Potential G-quadruplex forming sequences show enrichment in the human genome in regulatory elements. (A) Regions in which PQSs are found enriched in the human genome, and (B) histograms of PQS distributions around the TSSs of human genes in the template (left) or coding (right) strands. The complete distributions of PQSs around TSSs (gray left or red right) are also compared to PQSs specific to human DNA repair genes (blue lines).
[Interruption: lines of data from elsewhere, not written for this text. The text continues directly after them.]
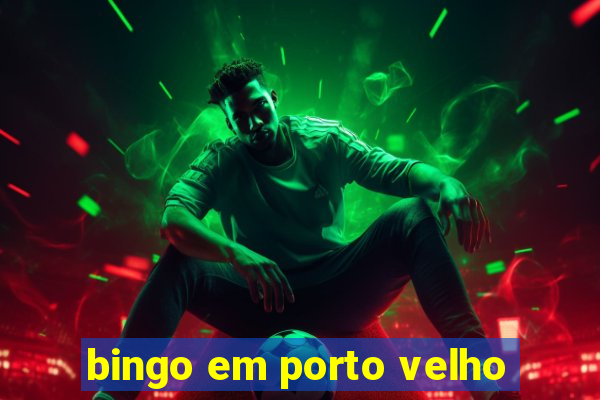 bingo em porto velho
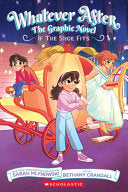 If the Shoe Fits (Whatever After Graphic Novel #2) - Sarah Mlynowski - Graphix
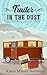 Trailer in the Dust (Time Travel Trailer, #4)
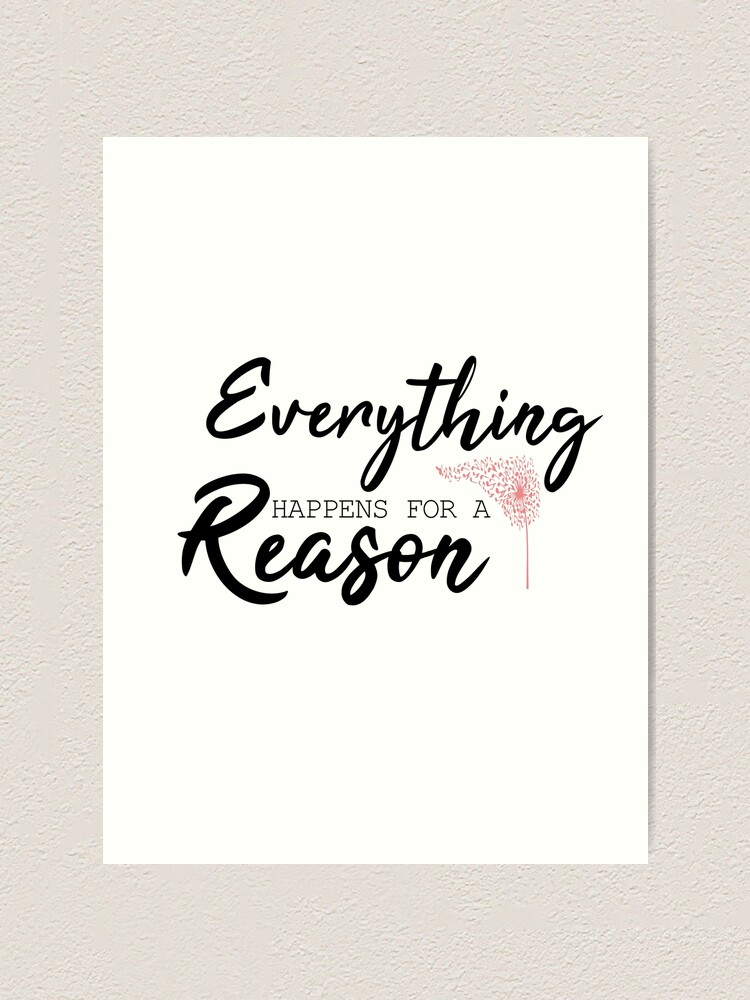 Alles Passiert Aus Einem Grund Englisch " Alles passiert aus einem Grund Zitate" Kunstdruck von alipapi | Redbubble
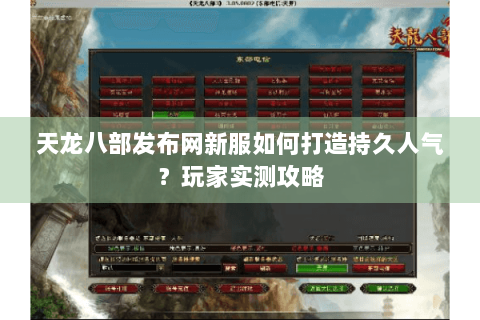 天龙八部发布网新服如何打造持久人气？玩家实测攻略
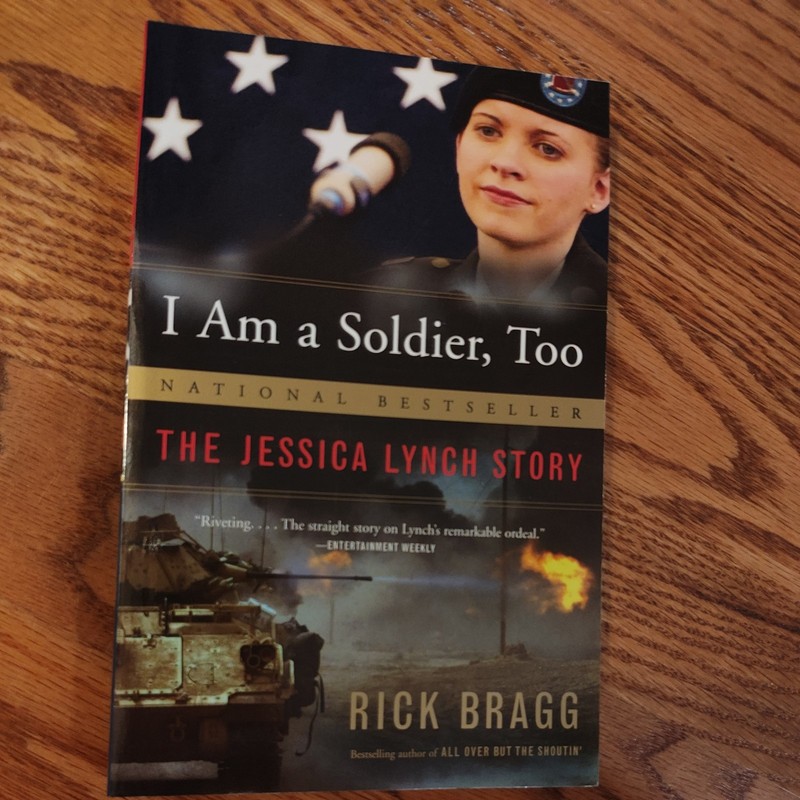I Am a Soldier, Too: The Jessica Lynch Story – Bragg, Rick paperback new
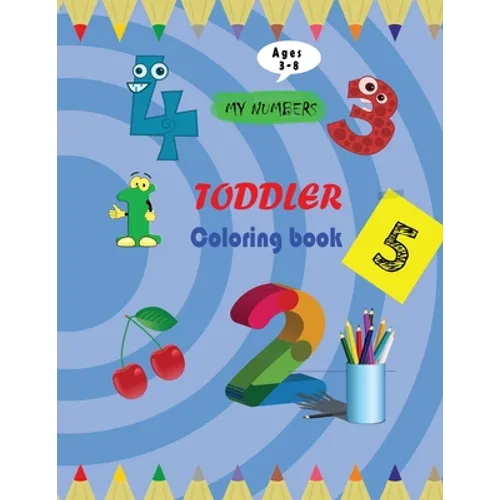 my numbers toddler coloring book: 8-11inch - 62 pages coloring book by numbers for kids ages 3-8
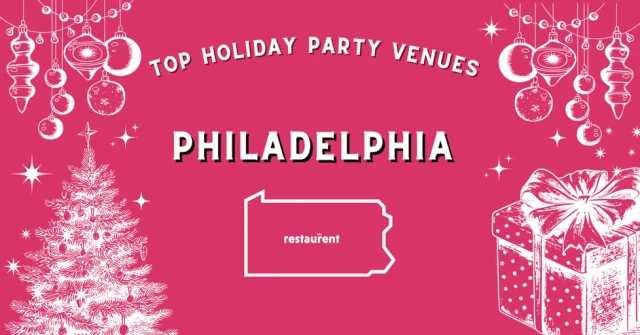 Top Holiday Party Venues in Philadelphia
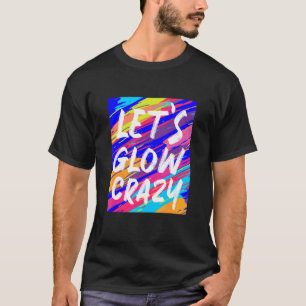 Camiseta Vamos em quadrado brilhante brilho maluco dos anos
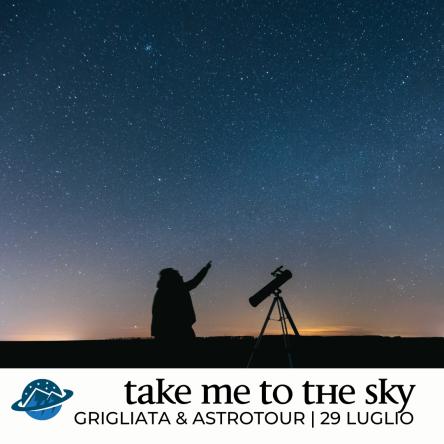 Take me to the Sky | Grigliata + Astrotour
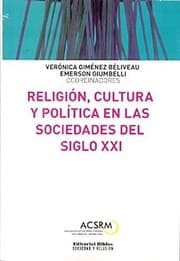 Tapa de Religión, cultura y política en las sociedades del siglo XXI - 1. ed.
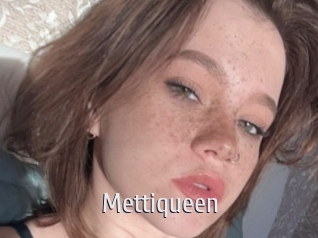 Mettiqueen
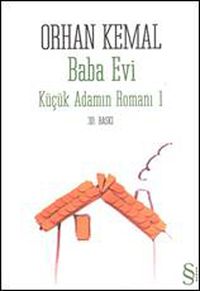 Baba Evi & Küçük Adamın Romanı 1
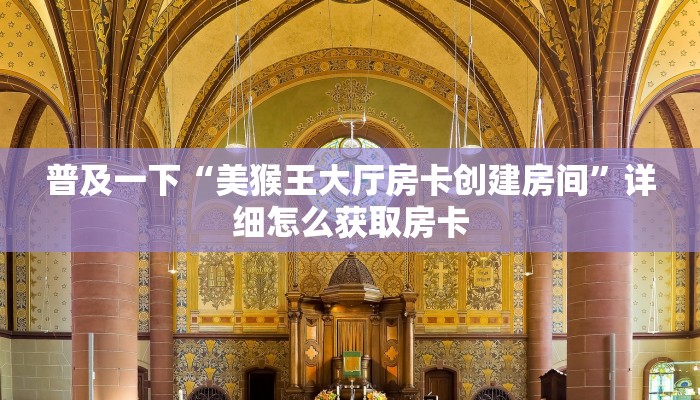 普及一下“美猴王大厅房卡创建房间”详细怎么获取房卡
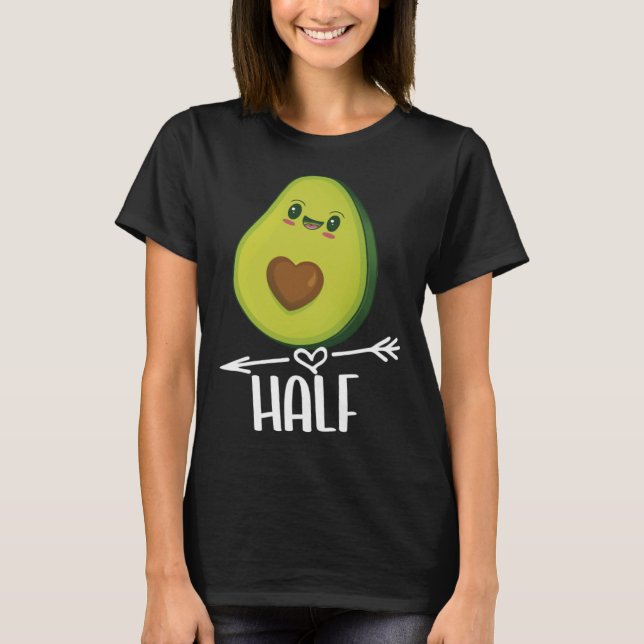 Camiseta Better Half Couple Sliced Avocado  Valentine s Day (Anverso)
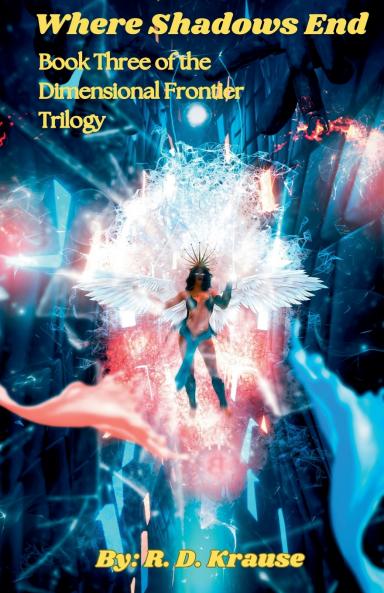 Where Shadows End Book Three of the Dimensional Frontier Trilogy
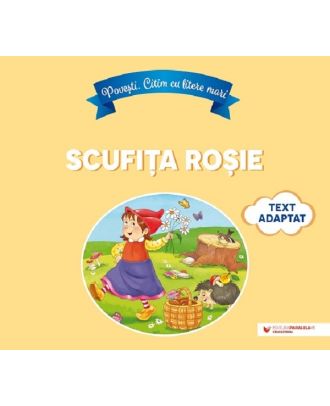 Povesti. Citim cu litere mari. Scufita Rosie
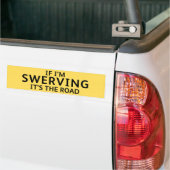 Fun Pothole Bumper Sticker IF I'M SWERVING... (Op Truck)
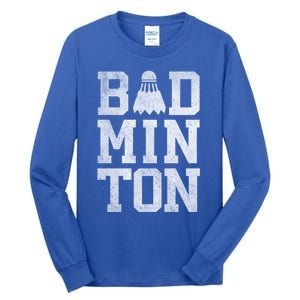 Badminton Birdies Shuttlecock Gift Tall Long Sleeve T-Shirt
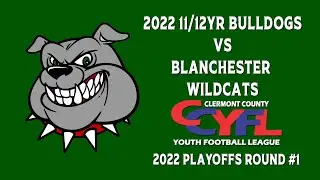 2022 BYF 11/12yr Bulldogs vs Blanchester Wildcats CCYFL Playoff Rd#1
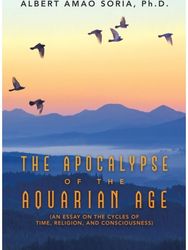 Apocalypse of the Aquarian Age: (An Essay on the Cycles of Time, Religion, and Consciousness) Cycles of Time, Religion, and Consciousness)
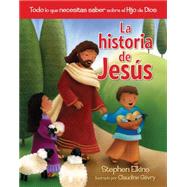 La historia de Jesús / The Jesus Book 9780825456510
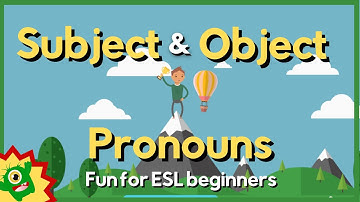 Subject and Object Pronouns (I/me, she/her, he/him, they/them, we/us, it, you)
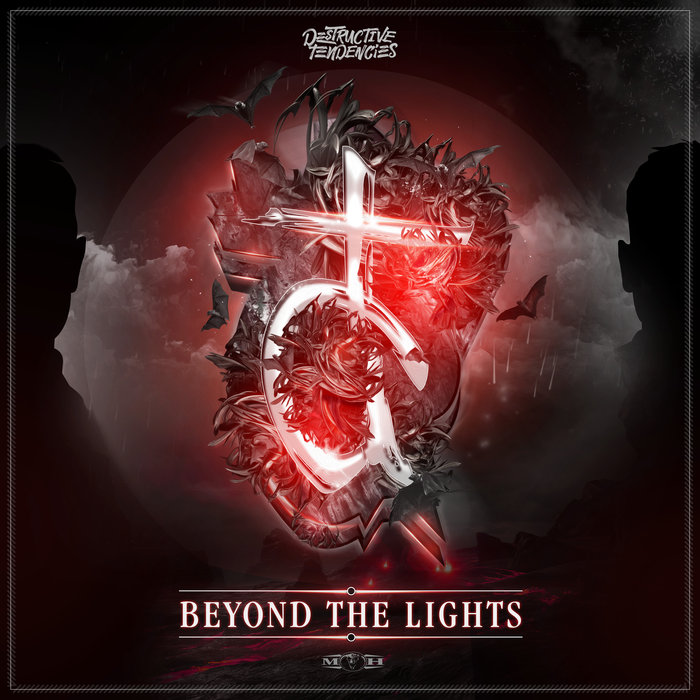 DESTRUCTIVE TENDENCIES - Beyond The Lights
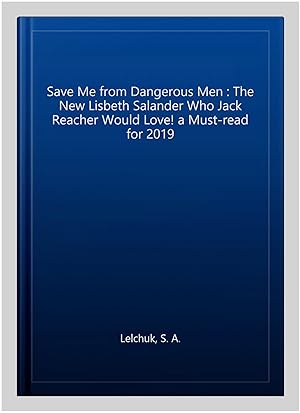 Bild des Verkufers fr Save Me from Dangerous Men : The New Lisbeth Salander Who Jack Reacher Would Love! a Must-read for 2019 zum Verkauf von GreatBookPrices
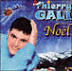 Thierry Gali Chante Noël Thierry Gali. CD album . Paru le 22 novembre 2002 ... - 5099751001423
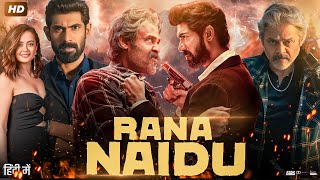 Rana Naidu Full Movie | Venkatesh | Rana Daggubati | Surveen Chawla | Facts & Review HD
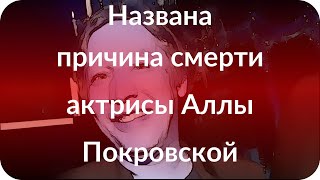 Названа причина смерти актрисы Аллы Покровской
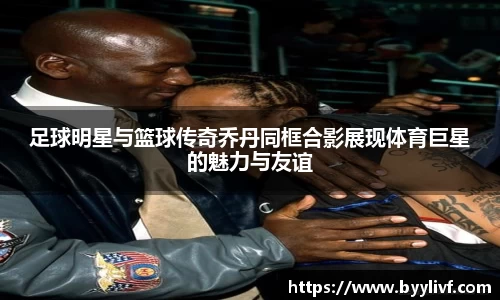 足球明星与篮球传奇乔丹同框合影展现体育巨星的魅力与友谊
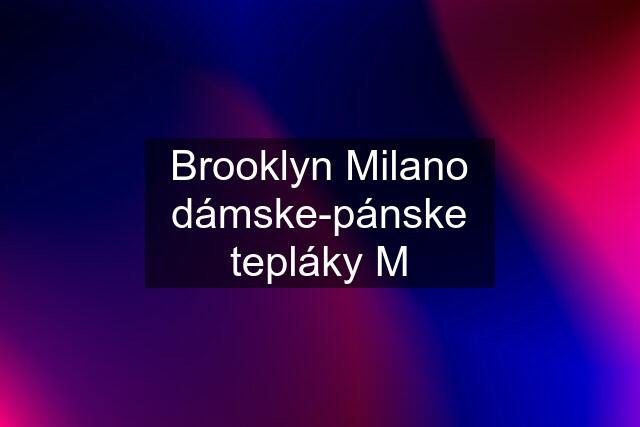 Brooklyn Milano dámske-pánske tepláky M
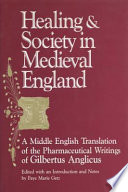 Healing and society in medieval England a middle English translation of the pharmaceutical writings of Gilbertus Anglicus /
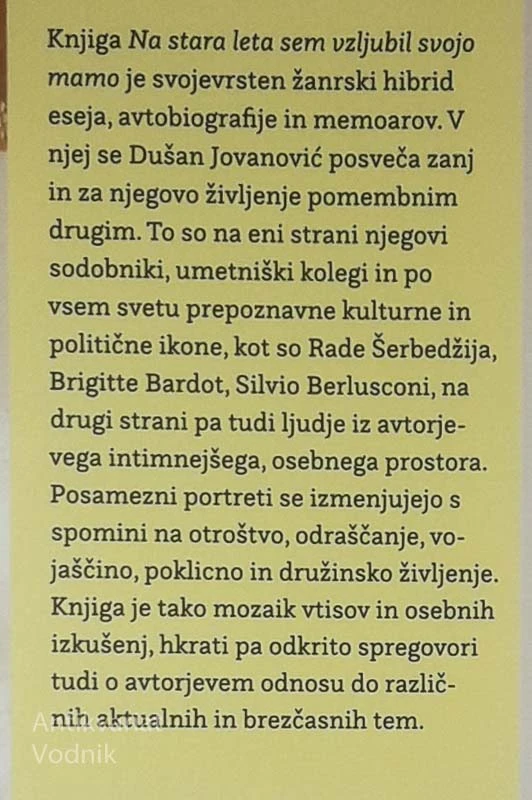 NA STARA LETA SEM VZLJUBIL SVOJO MAMO, Dušan Jovanović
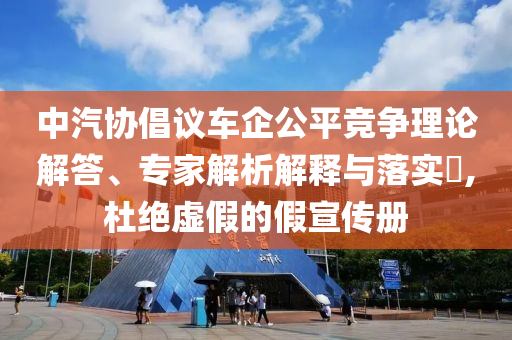 中汽協(xié)倡議車企公平競爭理論解答、專家解析解釋與落實?,杜絕虛假的假宣傳冊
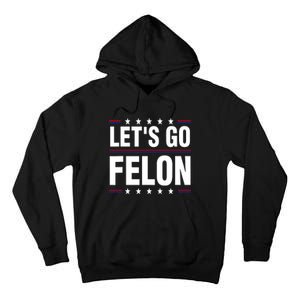 LetS Go Felon Voting For The Convicted Felon Funny 2024 Tall Hoodie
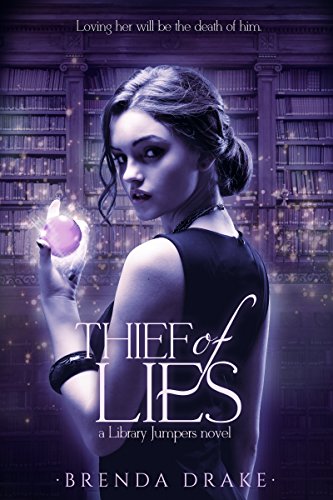 Thief of Lies (Library Jumpers) by [Drake, Brenda]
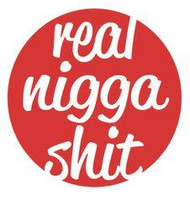 Real nigga shit funny ROUND STICKER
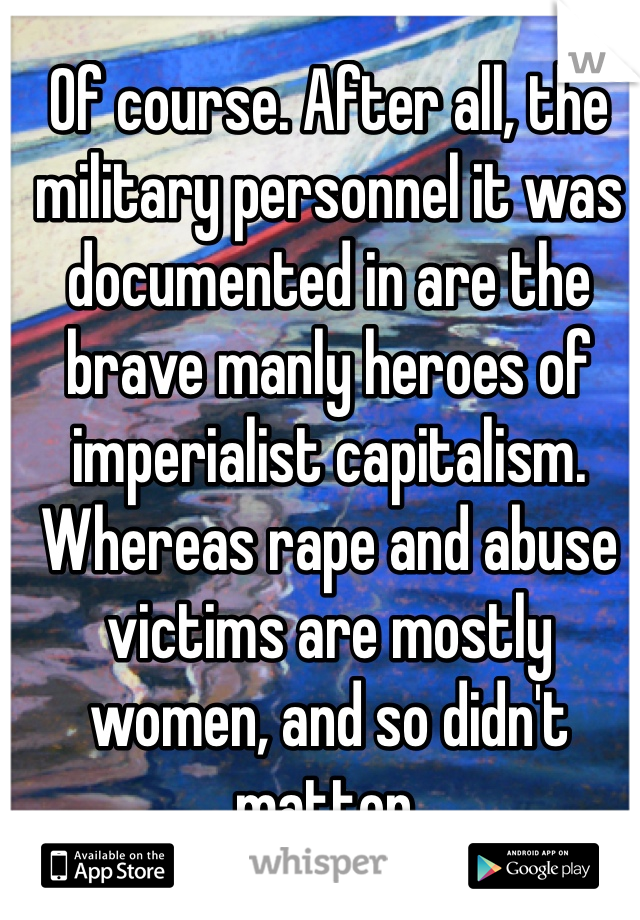 Of course. After all, the military personnel it was documented in are the brave manly heroes of imperialist capitalism. Whereas rape and abuse victims are mostly women, and so didn't matter.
The data in panel B are replotted from our original report on these distributions.

Figure 5.

The structural plasticity of native G4 folds can accommodate the structurally destabilizing modification OG. (A) G-Tetrad hydrogen bonding is compromised by OG. (B) In the human VEGF promoter G4, the presence of OG engages the 5^th G run or “spare tire” to maintain the G4 fold.

Figure 6.

Oxidative modification of G to OG yields a Janus-faced purine that base pairs with C on the Watson-Crick face or A on the Hoogsteen face leading to a G→T transversion mutation in the absence of faithful DNA repair.

Figure 7.

The base excision repair of an OG:C base pair initiated by OGG1. *The proposed mechanism assumes OGG1 is a monofunctional glycosylase as supported by recent cellular studies.

Figure 8.

Proposed pathways by which G oxidation to OG in a gene promoter activates transcription. (A) Avvendimento’s proposed pathway by estrogen-receptor mediated gene activation for driving OG formation in a promoter and OGG1 activity leading to an entry point for TOPB2-mediated gene activation. (B) Boldogh/Ba and co-workers found Cys oxidation in OGG1 (OGG1^ox) attenuates the glycosylase activity to stall the protein for active recruitment of NF-κB to OG-bearing promoters for gene activation during inflammation. (C) Our laboratory found OGG1 release of OG in a promoter provides the drive for a duplex→G4 switch to display an AP to APE1 with stalled endonuclease activity on the G4 allowing recruitment of activating transcription factors via the Ref-1 properties during oxidative/inflammatory stress. (D) Xodo and co-workers found OG stabilized G4s were binding substrates for MAZ and A1 that led to resolving the non-canonical fold for BER-mediated activation during oxidative stress. (E) Tell and co-workers found oxidation in the nCaRE hairpin forming sequence provided a substrate for APE1 to interact with Ku70/80 and RNA pol II for gene activation under oxidative stress.

Figure 9.

Proposed relative energy-level diagram for gene regulation via G oxidation in a promoter PQS.

Figure 10.

DNA repair gene promoter oxidation is the stimulus for upregulated transcription.

Figure 11.

Structural comparisons of OG and 5mC. (A) The dominant tautomers of OG and 5mC favor Watson-Crick base pairing. (B) The OG:C and 5mC:G base pairs alter the major groove hydrogen bond donor and acceptor patterns.

Figure 12.

The BER process returns the oxidation products of G and 5mC back to the native state.

Figure 13.

The impact of G oxidation to OG in a gene promoter sequence that can switch structure to a non-canonical fold. (A) In the coding strand of a promoter, OG in sequences that can adopt G4s, i-motifs (iM), Z-DNA enhance gene expression; in contrast, OG in a sequence only capable of B-DNA formation has no impact on transcription. (B) In the template strand of the promoter, OG in all four sequence contexts caused a significant decrease in gene expression. Significance was determined by a Student’s t-test where *P < 0.05, **P < 0.01, and ***P <0.001. This figure is adapted from our prior publication on this topic that provides all the experimental details for collection of the data.